One such place is Kabretar, about five kilometres from the town centre with only a dirt road leading towards it. A stranger in the town would have no idea that the stony and pot-holed road led to a cluster of high-rise buildings and plush bungalows quietly nestled within the once thick undergrowth. Kabretar, once a quiet place, has become a beehive of activity.


Phuentsholing, Bhutan's commercial hub

Kabretar's growth

In Kabretar scores of labourers from Jaigaon are engaged in constructing new buildings, some complete and some halfway. In the early 70s Kabretar was teeming with citrus mandarin orchard but by the end of the seventies , the productivity from the orchards decreased and villagers resorted to farming. Framers plant dal, maize, gingers and wild potatoes. But by the early late eighties most of the villagers in Kabretar found it easier to sell some portions of their lands and live off the proceeds. A lot of farmers sold their land. And as a testimony the single-storied house, built at a cost of about Nu 1,800 in 1978, still stands strong. Within a short span of time the price of land in Kabretar sky-rocketed, from about Nu 1,300 for half an acre in 1974 to about Nu 6,000 a decimal today. Farmers built instead of single-story house a new double-storied building by selling their land. Their buildings are rented out to eager tenants.

The high rent and shortage of apartments in the Phuentsholing proper is another reason behind the growth of Kabretar where many people come seeking cheap accommodation. "I pay Nu 3,000 for my place while the same would cost nearly double in Phuentsholing," said one of the tenants. Another said that he was willing to travel the long and dusty road everyday because the rent, Nu 2,500 for two rooms, a kitchen and a toilet, was a good bargain. Meanwhile, the dzongkhag has stopped further constructions until soil stability and other necessary surveys are done. "There are more than 20 buildings and bungalows in Kabretar as of now but I can bet that many more would come up in the near future," said an old resident of Kabretar. "Changes are wont to happen but I never knew it would be this fast and in this manner," he added.


Urban poverty: Stark realities

An urban poverty study undertaken recently says that although there is little or no abject poverty in the country, urban poverty is an emerging phenomenon in Bhutan.

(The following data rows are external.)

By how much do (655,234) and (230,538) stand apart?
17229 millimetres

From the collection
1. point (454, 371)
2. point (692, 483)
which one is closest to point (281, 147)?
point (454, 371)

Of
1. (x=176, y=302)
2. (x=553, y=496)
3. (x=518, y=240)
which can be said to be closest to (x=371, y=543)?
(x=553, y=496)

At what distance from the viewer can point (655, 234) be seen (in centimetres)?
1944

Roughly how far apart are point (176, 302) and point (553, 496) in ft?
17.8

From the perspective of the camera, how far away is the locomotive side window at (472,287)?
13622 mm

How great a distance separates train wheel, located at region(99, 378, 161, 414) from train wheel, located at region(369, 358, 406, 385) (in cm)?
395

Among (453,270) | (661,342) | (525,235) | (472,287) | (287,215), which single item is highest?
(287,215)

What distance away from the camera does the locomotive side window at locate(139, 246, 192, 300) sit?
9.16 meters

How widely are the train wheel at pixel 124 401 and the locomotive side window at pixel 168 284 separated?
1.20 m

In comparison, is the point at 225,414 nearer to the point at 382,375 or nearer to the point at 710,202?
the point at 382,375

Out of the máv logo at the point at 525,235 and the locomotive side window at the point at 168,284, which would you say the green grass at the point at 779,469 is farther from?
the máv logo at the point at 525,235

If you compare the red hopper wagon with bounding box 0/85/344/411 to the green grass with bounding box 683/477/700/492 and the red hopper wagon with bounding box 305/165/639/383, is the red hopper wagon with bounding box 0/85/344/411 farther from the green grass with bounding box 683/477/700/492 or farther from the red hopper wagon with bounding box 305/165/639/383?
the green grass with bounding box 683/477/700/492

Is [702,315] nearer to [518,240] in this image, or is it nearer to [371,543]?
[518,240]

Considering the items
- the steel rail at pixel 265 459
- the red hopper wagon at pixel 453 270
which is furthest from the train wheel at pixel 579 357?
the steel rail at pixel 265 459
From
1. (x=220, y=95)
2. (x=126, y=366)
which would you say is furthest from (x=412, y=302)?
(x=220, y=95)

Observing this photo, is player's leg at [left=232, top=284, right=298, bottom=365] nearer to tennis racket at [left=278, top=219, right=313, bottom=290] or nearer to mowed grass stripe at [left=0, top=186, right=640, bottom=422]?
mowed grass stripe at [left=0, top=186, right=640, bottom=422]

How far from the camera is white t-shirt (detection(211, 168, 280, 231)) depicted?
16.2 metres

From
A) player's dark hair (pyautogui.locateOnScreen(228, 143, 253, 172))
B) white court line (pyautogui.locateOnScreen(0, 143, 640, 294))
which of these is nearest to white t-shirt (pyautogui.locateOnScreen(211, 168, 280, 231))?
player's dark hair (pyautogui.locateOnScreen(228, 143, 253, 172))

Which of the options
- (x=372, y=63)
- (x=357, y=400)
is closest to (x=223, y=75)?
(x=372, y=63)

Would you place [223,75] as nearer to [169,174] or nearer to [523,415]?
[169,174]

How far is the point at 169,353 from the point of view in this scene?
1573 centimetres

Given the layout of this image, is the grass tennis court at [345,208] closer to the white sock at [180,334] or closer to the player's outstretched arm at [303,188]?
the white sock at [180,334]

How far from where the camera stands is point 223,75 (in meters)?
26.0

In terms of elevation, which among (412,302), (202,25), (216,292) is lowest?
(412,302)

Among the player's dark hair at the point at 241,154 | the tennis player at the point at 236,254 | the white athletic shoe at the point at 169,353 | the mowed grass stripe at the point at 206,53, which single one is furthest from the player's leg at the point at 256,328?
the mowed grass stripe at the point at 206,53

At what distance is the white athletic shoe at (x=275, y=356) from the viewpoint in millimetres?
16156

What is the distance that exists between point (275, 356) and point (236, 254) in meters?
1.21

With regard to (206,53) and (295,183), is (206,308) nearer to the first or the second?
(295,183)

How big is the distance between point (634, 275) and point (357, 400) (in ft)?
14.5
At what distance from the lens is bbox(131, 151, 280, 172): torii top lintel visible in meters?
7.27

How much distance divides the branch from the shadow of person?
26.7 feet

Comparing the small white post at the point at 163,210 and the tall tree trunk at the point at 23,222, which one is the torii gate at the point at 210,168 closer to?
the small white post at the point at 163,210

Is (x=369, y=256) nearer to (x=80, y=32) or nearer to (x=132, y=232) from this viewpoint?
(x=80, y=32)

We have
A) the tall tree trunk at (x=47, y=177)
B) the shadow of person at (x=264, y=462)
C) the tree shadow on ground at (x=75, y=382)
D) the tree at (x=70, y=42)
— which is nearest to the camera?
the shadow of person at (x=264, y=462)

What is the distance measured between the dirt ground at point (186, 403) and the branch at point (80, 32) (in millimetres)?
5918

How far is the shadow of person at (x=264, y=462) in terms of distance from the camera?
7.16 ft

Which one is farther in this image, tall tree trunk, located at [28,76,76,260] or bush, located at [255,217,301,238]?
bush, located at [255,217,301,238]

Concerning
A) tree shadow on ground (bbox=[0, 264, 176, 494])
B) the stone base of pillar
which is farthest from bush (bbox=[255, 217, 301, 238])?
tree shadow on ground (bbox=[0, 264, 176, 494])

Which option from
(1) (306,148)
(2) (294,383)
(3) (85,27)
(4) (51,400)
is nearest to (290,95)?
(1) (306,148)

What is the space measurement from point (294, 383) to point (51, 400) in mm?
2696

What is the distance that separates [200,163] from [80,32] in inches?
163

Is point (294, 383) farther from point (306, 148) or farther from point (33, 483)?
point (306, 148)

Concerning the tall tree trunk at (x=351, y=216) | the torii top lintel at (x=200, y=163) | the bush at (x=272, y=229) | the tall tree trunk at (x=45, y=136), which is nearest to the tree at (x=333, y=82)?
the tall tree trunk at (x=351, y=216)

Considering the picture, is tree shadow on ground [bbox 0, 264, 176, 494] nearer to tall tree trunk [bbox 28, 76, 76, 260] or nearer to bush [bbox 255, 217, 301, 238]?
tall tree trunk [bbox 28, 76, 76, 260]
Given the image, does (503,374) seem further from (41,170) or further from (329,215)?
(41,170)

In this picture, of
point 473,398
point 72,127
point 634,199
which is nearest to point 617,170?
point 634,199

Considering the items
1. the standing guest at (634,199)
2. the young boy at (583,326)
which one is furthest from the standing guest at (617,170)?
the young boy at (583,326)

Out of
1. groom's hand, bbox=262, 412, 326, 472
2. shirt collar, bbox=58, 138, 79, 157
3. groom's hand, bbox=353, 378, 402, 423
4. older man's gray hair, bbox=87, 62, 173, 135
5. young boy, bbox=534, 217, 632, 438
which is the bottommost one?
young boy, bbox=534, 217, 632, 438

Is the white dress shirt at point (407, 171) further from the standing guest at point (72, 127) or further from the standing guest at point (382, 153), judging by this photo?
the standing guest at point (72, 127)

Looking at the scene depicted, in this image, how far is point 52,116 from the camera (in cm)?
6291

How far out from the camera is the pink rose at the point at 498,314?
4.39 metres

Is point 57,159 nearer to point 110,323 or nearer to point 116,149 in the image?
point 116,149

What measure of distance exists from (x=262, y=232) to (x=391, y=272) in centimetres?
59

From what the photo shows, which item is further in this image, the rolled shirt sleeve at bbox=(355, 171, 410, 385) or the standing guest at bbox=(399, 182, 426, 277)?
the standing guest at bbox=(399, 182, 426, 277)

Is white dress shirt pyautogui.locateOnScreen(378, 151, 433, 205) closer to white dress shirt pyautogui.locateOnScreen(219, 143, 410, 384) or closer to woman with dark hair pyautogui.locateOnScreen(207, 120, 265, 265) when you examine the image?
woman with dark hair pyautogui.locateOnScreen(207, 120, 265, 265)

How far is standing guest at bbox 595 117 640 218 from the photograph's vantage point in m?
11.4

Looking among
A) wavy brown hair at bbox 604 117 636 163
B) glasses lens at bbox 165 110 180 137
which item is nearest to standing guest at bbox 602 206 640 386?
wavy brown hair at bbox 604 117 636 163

The study carried out by the ministry of communications and the central statistical organisation along with a Danish consultancy firm states that migrants from rural areas constitute the bulk of the poor and low-income group in urban areas. The draft report highlights the high rate of rural urban migration, shortage and rising cost of land and housing, and lack of sufficient urban services as conditions that breed urban poverty. According to the report, the urban poor are also vulnerable to eviction and loss of livelihood.

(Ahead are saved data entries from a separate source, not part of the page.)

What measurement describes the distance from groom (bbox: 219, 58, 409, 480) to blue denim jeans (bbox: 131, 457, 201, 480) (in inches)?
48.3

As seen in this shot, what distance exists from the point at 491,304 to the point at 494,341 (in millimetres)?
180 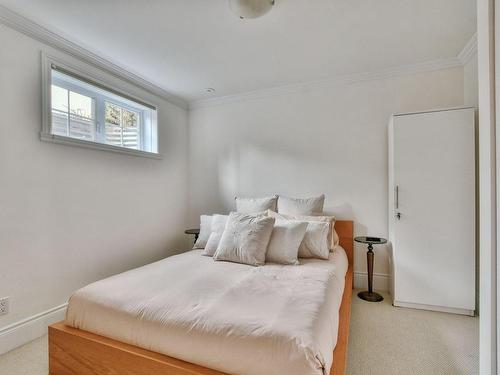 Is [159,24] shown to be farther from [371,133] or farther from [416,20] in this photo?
[371,133]

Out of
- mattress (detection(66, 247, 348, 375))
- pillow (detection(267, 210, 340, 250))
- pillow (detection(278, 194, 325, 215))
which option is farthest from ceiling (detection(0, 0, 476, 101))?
mattress (detection(66, 247, 348, 375))

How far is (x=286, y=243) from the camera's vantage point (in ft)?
7.56

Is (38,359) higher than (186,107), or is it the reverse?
(186,107)

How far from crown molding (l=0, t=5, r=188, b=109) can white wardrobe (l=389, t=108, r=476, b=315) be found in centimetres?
276

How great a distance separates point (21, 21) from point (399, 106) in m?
3.48

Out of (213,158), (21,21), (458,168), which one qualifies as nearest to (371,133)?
(458,168)

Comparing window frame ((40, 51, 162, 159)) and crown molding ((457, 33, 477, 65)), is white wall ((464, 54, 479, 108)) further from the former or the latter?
window frame ((40, 51, 162, 159))

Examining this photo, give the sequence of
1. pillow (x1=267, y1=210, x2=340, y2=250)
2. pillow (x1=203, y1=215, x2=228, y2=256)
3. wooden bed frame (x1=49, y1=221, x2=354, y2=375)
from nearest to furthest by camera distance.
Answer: wooden bed frame (x1=49, y1=221, x2=354, y2=375), pillow (x1=203, y1=215, x2=228, y2=256), pillow (x1=267, y1=210, x2=340, y2=250)

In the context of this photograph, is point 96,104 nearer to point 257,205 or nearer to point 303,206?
point 257,205

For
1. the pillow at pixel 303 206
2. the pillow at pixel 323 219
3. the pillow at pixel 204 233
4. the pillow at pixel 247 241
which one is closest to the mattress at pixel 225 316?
the pillow at pixel 247 241

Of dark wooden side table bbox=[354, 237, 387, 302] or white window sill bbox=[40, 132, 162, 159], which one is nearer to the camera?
white window sill bbox=[40, 132, 162, 159]

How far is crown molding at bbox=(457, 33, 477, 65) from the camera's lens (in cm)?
230

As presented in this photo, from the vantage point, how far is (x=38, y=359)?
1.80 meters

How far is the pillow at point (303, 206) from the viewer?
292 cm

In Thimphu, among the 140 households covered during the survey, 43 percent of school children had completed primary education while 40 percent were illiterate. In Phuentsholing, however, 65 percent of the children were illiterate. The report, which is divided into quantitative and qualitative parts, states that the qualitative part consists of interviews with three categories of people - key informants, the focus group, and case studies. The draft report further states that "the case studies do not claim to be representative of poverty study in Bhutan."

"Case studies are part of the qualitative input which have been selected in a way that focuses on characteristics of poverty and how society has reacted to the behavior of poor individuals or groups," it says. The case studies are respondents' perception of poverty and the report says that "what people tell may not be in agreement with the rules and regulations of the country." Six enumerators had carried out the survey in a total of 240 households in Thimphu and Phuentsholing.